Thank you too all the clubs who attended or unfortunately had to send their apologies to the SCRA AGM. Full minutes will be available in due course, but we know that many will be anxious to know the outcome of a couple of important matters that were put before the meeting for approval.

New Constitution and Conversion to a SCIO: the meeting approved unanimously the concept of converting SCRA from being a membership “Association” made up of member clubs, to being an Incorporated Organisation governed by a new constitution.

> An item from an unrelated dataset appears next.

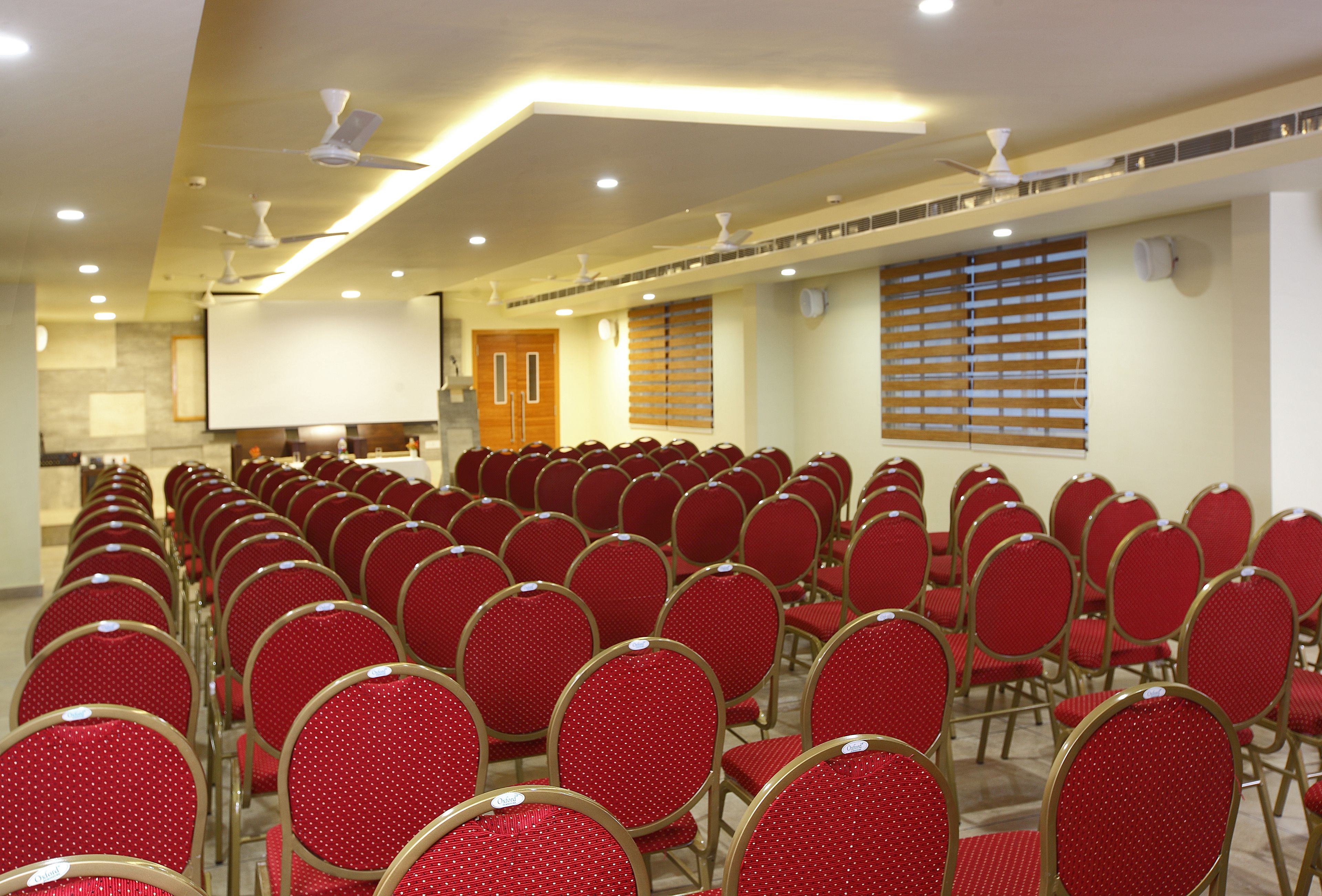 A conference room with rows of red chairs, ceiling fans, and a projector screen.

The full text of the resolution was as follows:

“That, given the advantages associated, the Scottish Coastal Rowing Association (SCRA) should seek to become a Scottish Charitable Incorporated Organisation (SCIO), and:

  1. that the SCRA Committee be given authority on behalf of the members to agree on any necessary changes to the attached draft Constitution to achieve SCIO status, or any minor changes, without
    further reference to members; and
  2. that on SCIO status being approved by the Office of the Scottish Charity Regulator (OSCR) and the new SCIO being entered into the Scottish Charity Register:
    a. all members of the SCRA be deemed to become members of the new SCIO until such time as the next membership renewal is due;
    b. all assets and/or rights in the ownership or custodianship of the SCRA be transferred to the new SCIO; and
    c. the SCRA Committee members who sign the charity trustee declaration forms which accompany the SCIO application be deemed to have been appointed by the members as board members of the new SCIO until the first AGM following incorporation.

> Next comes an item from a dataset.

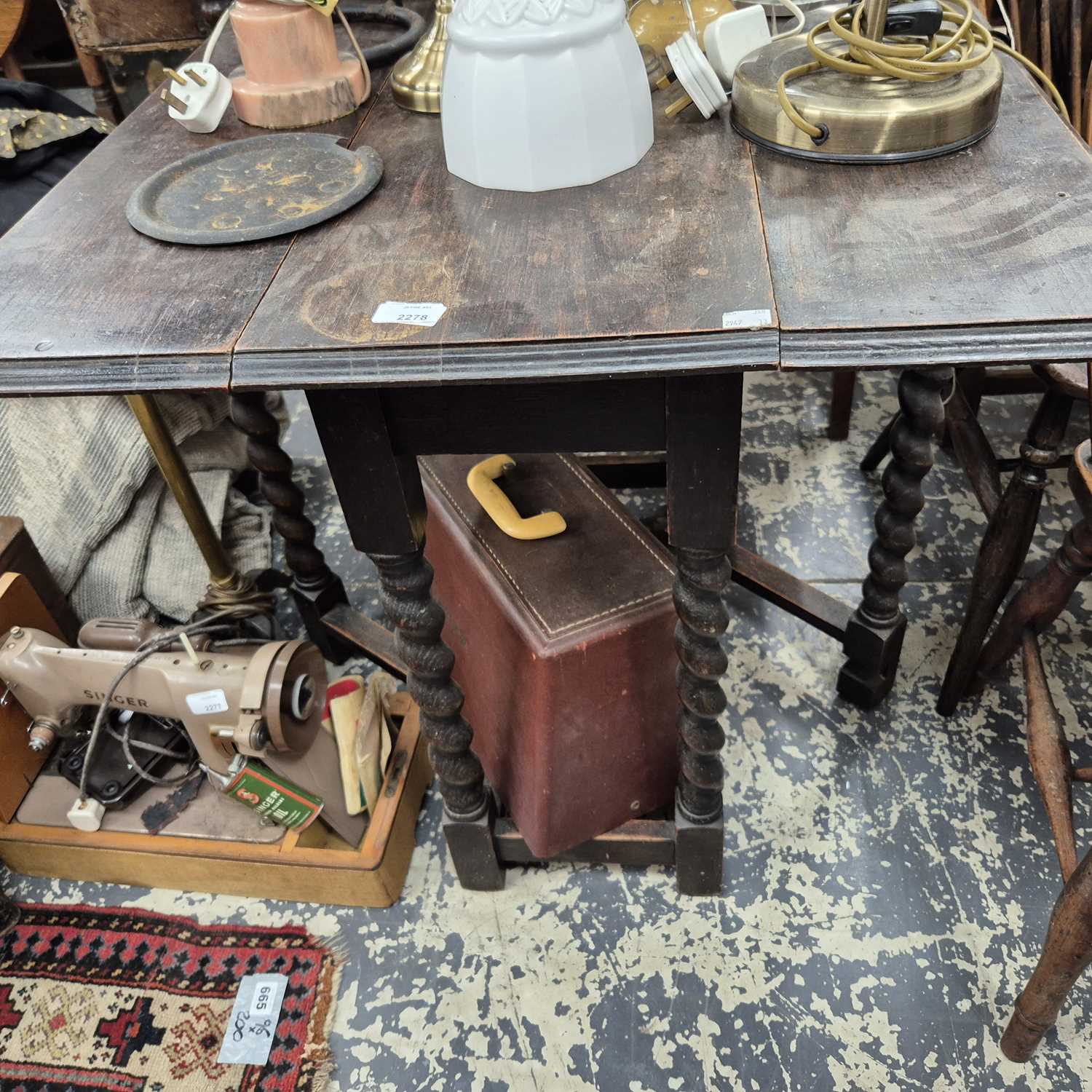 Lot 2278 - A small oak gate leg table.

The SCRA will now engage with the Charity regulator to put this resolution into effect. Thank you to the SCRA Governance Group who have put so much effort into this important matter.


Formation of a new International Class Association. The SCRA committee wishes to move forward with other National Class associations to form a new international class association, St Ayles Skiff International. At the moment SCRA is the world wide class association for the St Ayles skiff, and so Skiffieworlds has been held under SCRA auspices to date, and the measurement rules are looked after by the SCRA, all be it with international consultation. At the AGM the following resolution was passed : “To authorise the committee to transfer the rights and responsibilities of the SCRA/ SCR SCIO in respect of being the International Class Association of the St Ayles skiff to St Ayles Skiff International.” The committee will now work towards that objective.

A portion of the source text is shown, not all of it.